Resimen Special Air Service (SAS), pasukan khusus Australia sedang menghadapi pengawasan dan penyelidikan ketat atas tindakannya dalam operasi militer dan zona konflik di masa lalu.
Surat kabar Sydney Morning Herald mengutip sumber-sumber militer melaporkan Sabtu 9 Juni 2018 dalam dua minggu terakhir, lebih dari selusin tentara SAS telah diinterogasi oleh hakim sebagai bagian dari penyelidikan yang sedang berlangsung terhadap dugaan kejahatan perang yang dilakukan resimen tersebut.
Para prajurit telah ditanyai oleh Hakim Pengadilan Tinggi New South Wales, Paul Brereton di Perth dan Sydney.
Pihak berwenang belum secara resmi merilis informasi rinci tentang penyelidikan tersebut. Namun, sumber di unit yang telah diwawancarai menggambarkan pertanyaan itu sebagai proses “melelahkan” dan berlangsung hingga lima jam.
“Saya kaget dengan hal-hal detail yang dia [Hakim Agung Paul Brereton] miliki,” kata salah satu tentara SAS kepada Sydney Morning Herald.
Dia menjelaskan bahwa dia diwawancarai tentang dugaan pelanggaran di unit di Afghanistan, dan mengatakan dia mendukung penyelidikan karena itu satu-satunya cara bagi resimen untuk bergerak maju.
Temuan penyelidikan pada tahun 2016, yang tersedia bagi publik hari ini, mengungkapkan bahwa personel militer Australia, termasuk tentara SAS, melakukan kejahatan perang selama Perang Afghanistan.
Laporan ini juga menyoroti masalah yang lebih tinggi dalam hirarki pasukan khusus Australia, mengklaim ada “kurangnya akuntabilitas sepenuhnya” dari perwira senior dan “rantai komando militer.”
Selain itu, laporan ini mengungkapkan bahwa beberapa anggota pasukan khusus Australia secara rahasia memberikan kesaksian, menyoroti “penerapan kekerasan yang tidak sah dan ilegal dalam operasi” oleh rekan-rekan mereka yang dianggap “pengabaian terhadap kehidupan dan martabat manusia.”
Hanya sebagian kecil dari laporan yang telah dirilis, dan Partai Buruh menyerukan agar seluruh dibuka untuk publik.
“Kami juga akan mencari dengan tetap tunduk pada pertimbangan keamanan nasional bahwa sebanyak mungkin laporan ini harus dibawa ke domain publik. Informasi seperti ini seharusnya tidak terungkap melalui kebocoran ke surat kabar, ” kata Juru Bicara Partai Buruh Richard Marles dalam sebuah pernyataan.

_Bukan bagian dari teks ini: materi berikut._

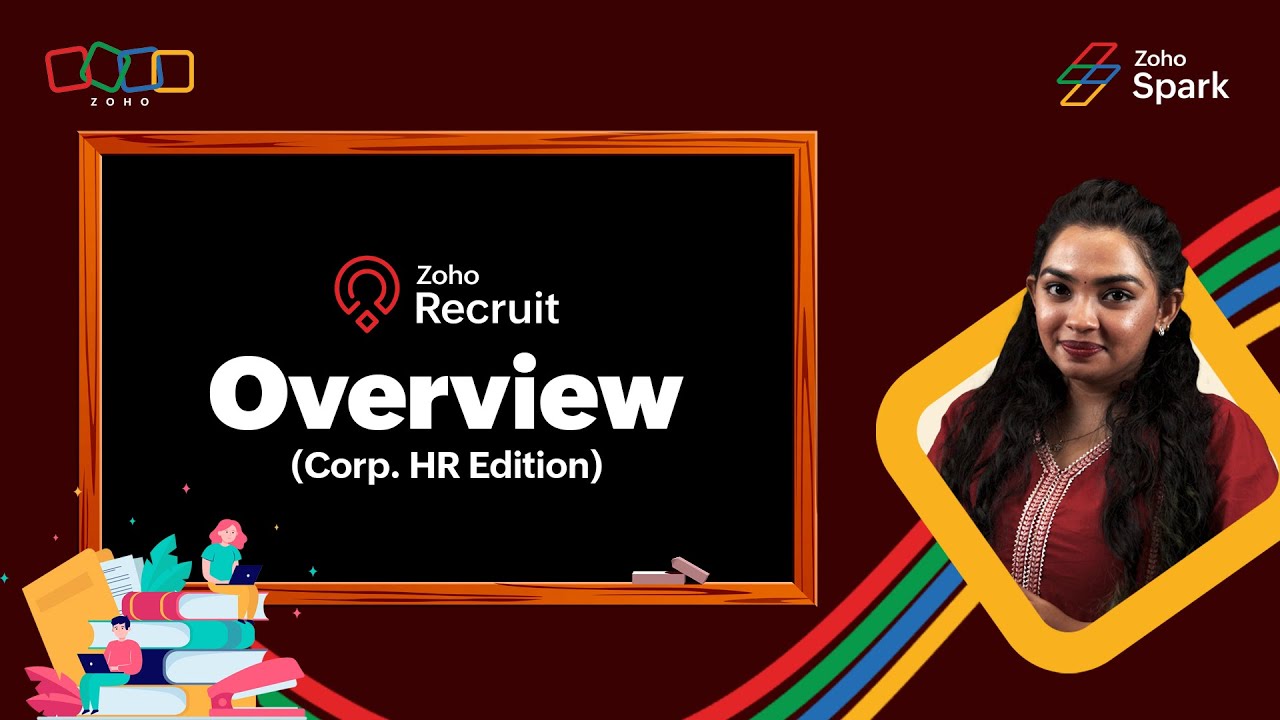 Zoho Recruit – умный инструмент подбора персонала для корпоративных HR-отделов! 🚀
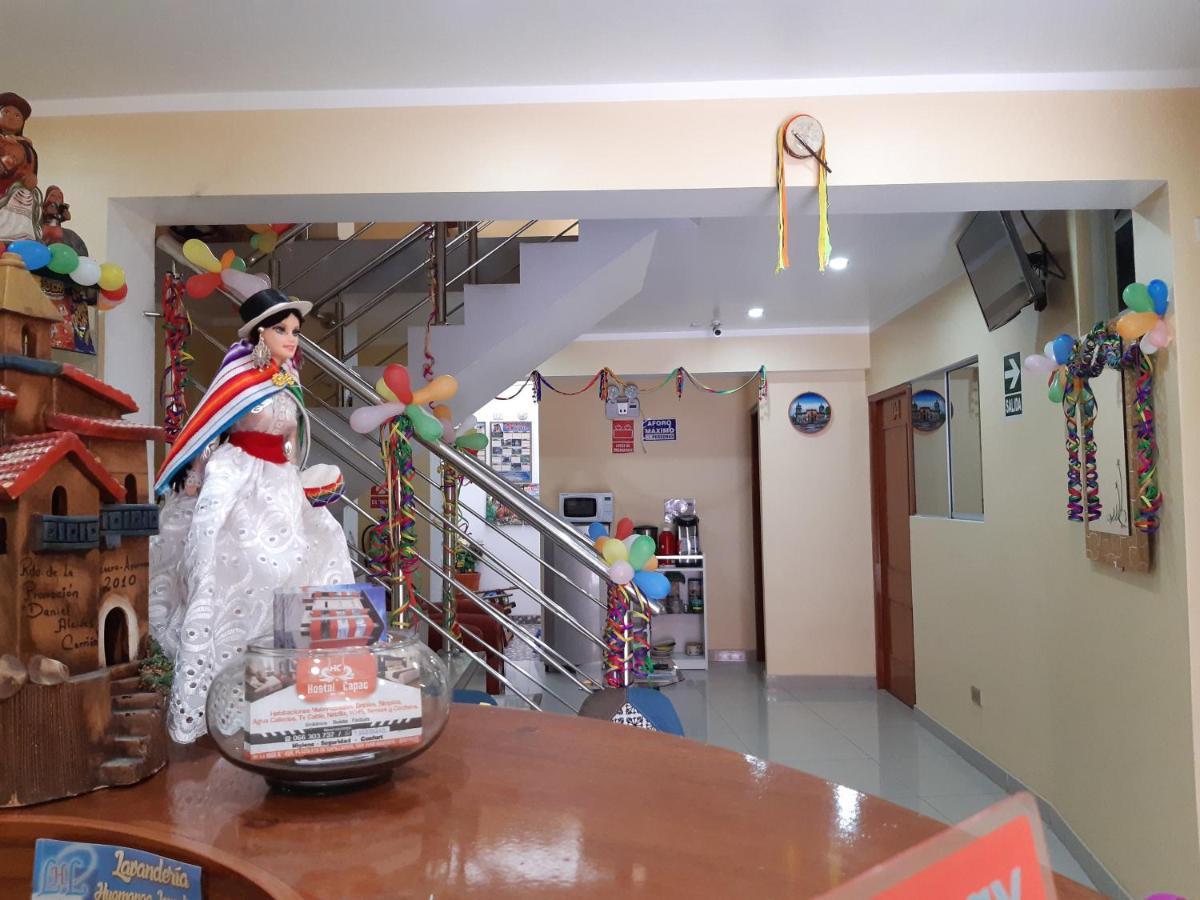 Hostal Capac أياكوتشو المظهر الخارجي الصورة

Sementara itu, Amnesty International telah menyatakan keprihatinannya yang mendalam tentang kedua laporan tersebut dan mengatakan bahwa ada banyak pertanyaan seputar tindakan militer Australia yang melanggar hukum hak asasi manusia internasional.
Kementerian Pertahanan Australia belum mengindikasikan apakah akan merilis temuan, karena terus menghadapi tekanan dari politisi oposisi dan kelompok hak asasi manusia.